In our society we are so focused on the future that we tend to forget to appreciate what we have in the present moment. How many times do we really stop to notice how good it feels to be alive? But when you stop to think about it, it really does feel good to be alive and healthy, even if you're sleepy, even if your muscles are sore from the day before. How many times do we stop just to take a deep breath and enjoy? Most of the time, people forget to do these things, and I think this is a great loss. The psychedelics tend to slap me across the face and remind me of these things. It is very hard not to forget again and slip back into the old ways of functioning, but I think it is a very important lesson to remember that there is a now, and it is amazing.

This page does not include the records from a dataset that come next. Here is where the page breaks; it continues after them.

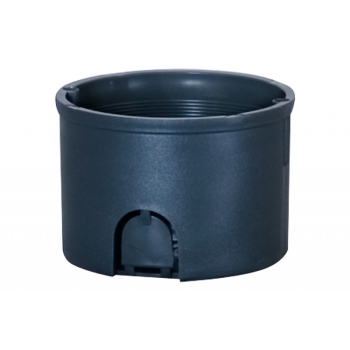 Puszka końcowa PK 60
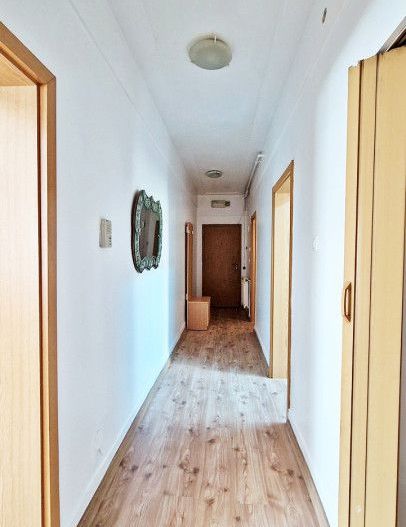 Inchiriere apartament 2 camere Ultracentral, Casa Cartii - Poză 12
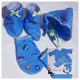 Gift pack for baby- Gloves/Cap/Shoes/Kit Gift pack for baby- Gloves/Cap/Shoes/Kit
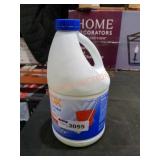 Sold As Is Where Is No Guarantees No Returns,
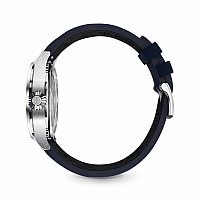 Biatec Marine 03 N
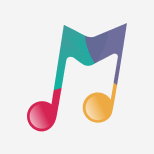YourTempo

So why the addiction? Why the drinking? I can see that the influence of alcohol takes me in the exactly opposite direction. It takes me away from the now, away from the present, away from the joy and the pain and the beauty all around us all the time. It is an escape, when the way seems too hard, when things are too painful or too frustrating. It is easy. It demands no responsibility. It is a lazy man's drug. It takes the pain away, but it takes the beauty away too. All the poignancy of this wonderful and terrible world is lost to the drunkard, who escapes to his slumber or his stupor.

The wind is blowing again and a few flurries are hitting me in the face. My chest heaves with the breath that steams from my mouth. The world is cold and grey and stormy and very beautiful. I am running fast, down the hill towards my house, floating over the rocks and around the winding bends.. feeling very alive and very grateful to be here now, in this moment, in this body, in this world.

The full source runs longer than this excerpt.